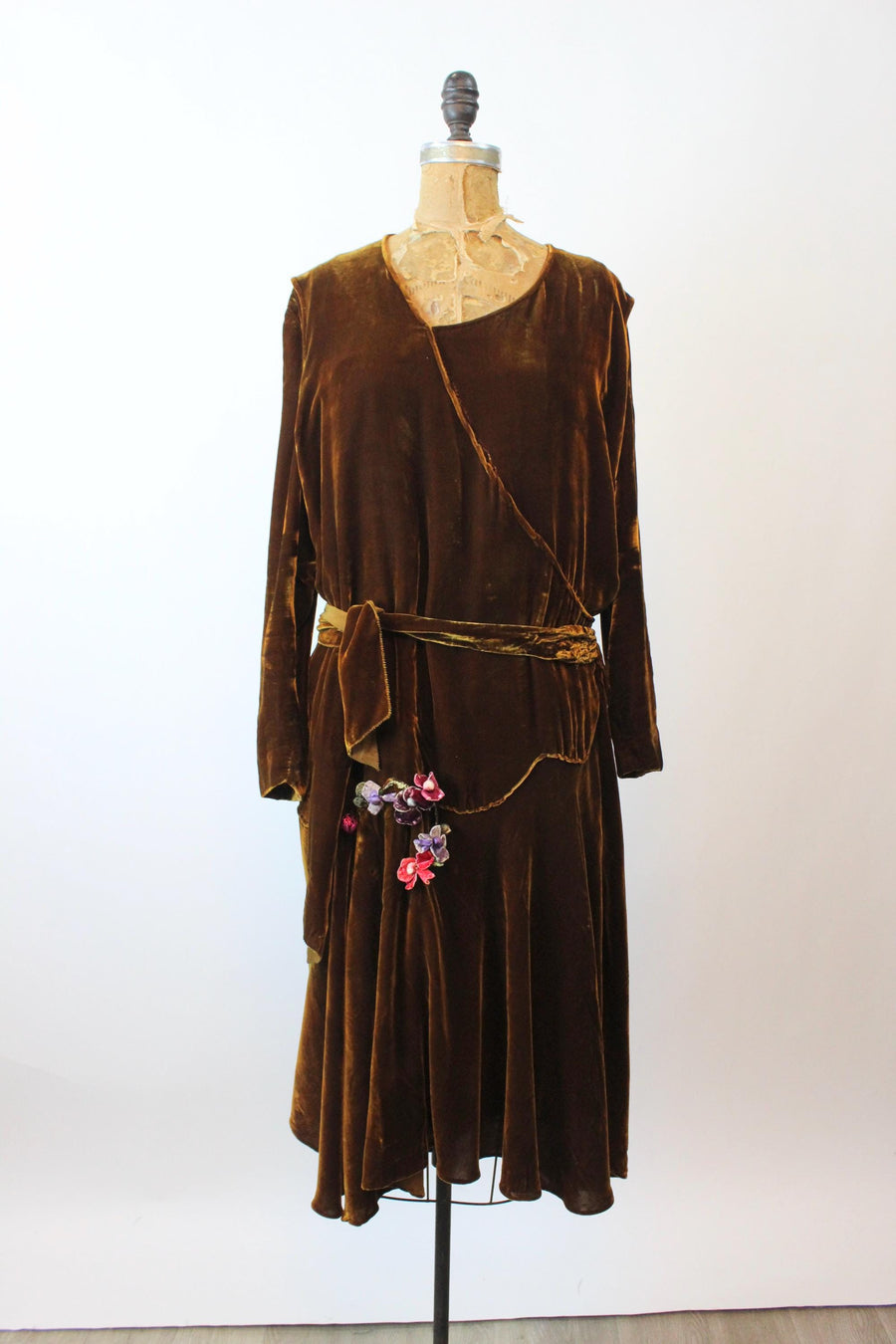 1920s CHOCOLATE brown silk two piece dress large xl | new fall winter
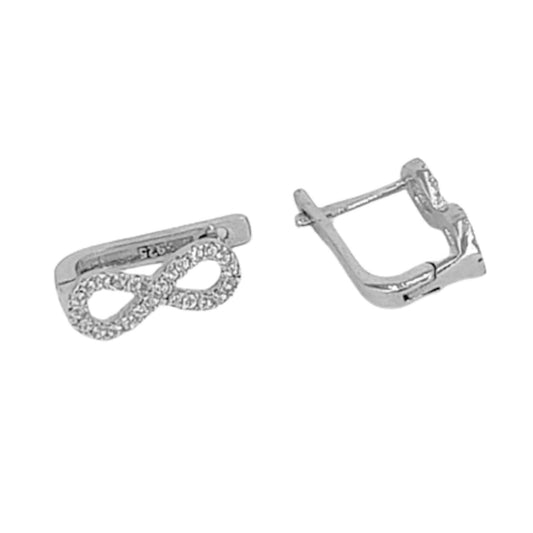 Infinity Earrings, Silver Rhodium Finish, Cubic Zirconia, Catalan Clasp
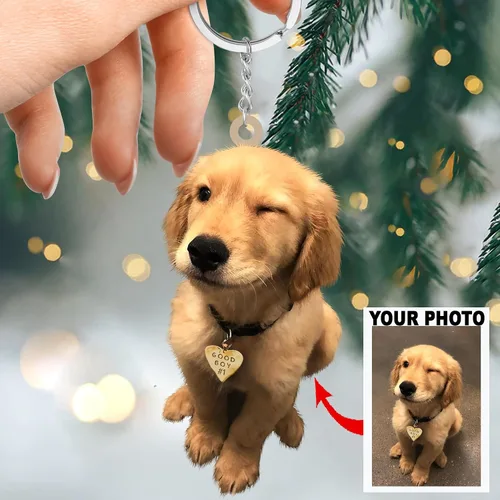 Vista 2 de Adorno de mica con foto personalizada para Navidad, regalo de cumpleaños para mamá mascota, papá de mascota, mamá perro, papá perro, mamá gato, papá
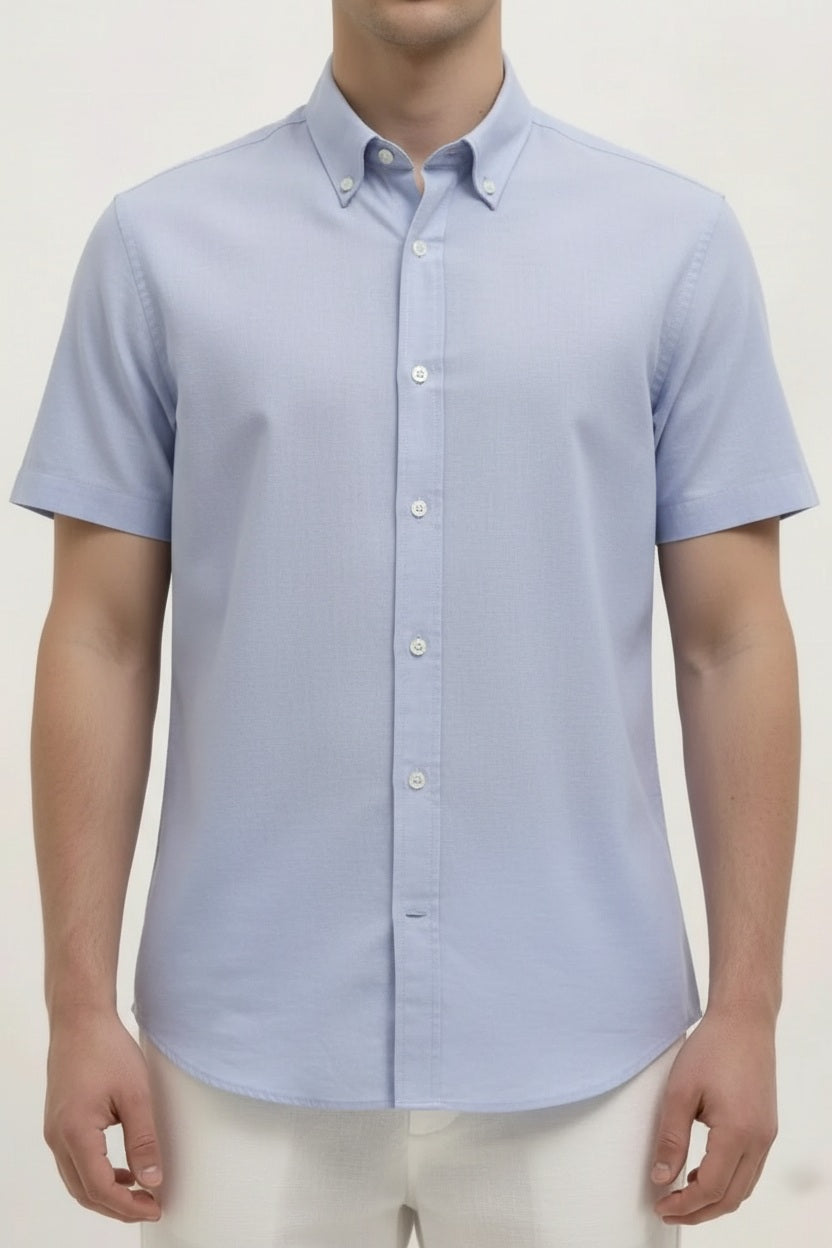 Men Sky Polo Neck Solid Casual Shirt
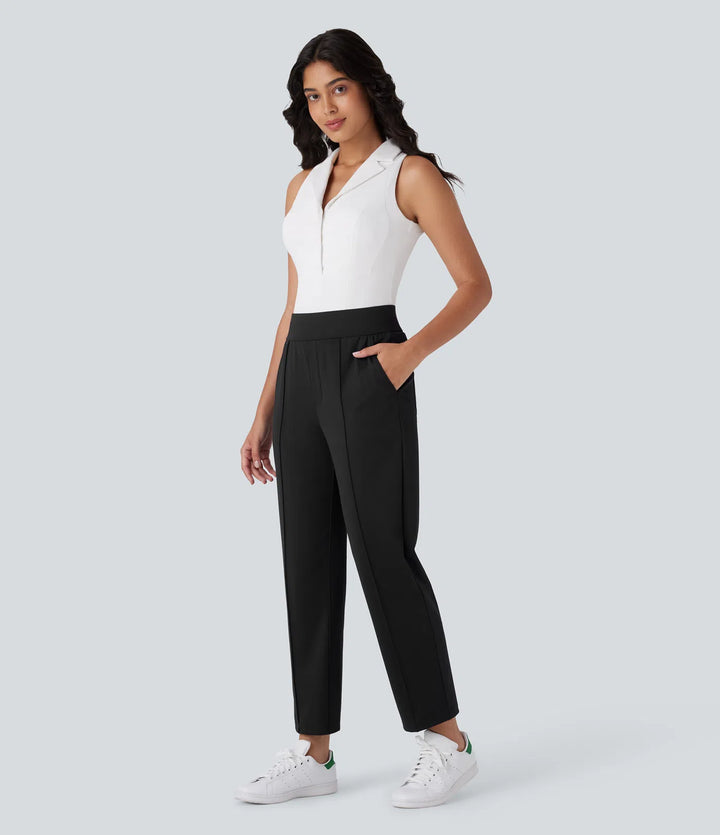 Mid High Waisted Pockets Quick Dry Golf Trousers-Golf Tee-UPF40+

+ + + +

Write out, exactly as they appear, the lines from the one containing "Men Sky Polo Neck Solid Casual Shirt" through the end of the material above, excluding pictures.

 Men Sky Polo Neck Solid Casual Shirt
 Mid High Waisted Pockets Quick Dry Golf Trousers-Golf Tee-UPF40+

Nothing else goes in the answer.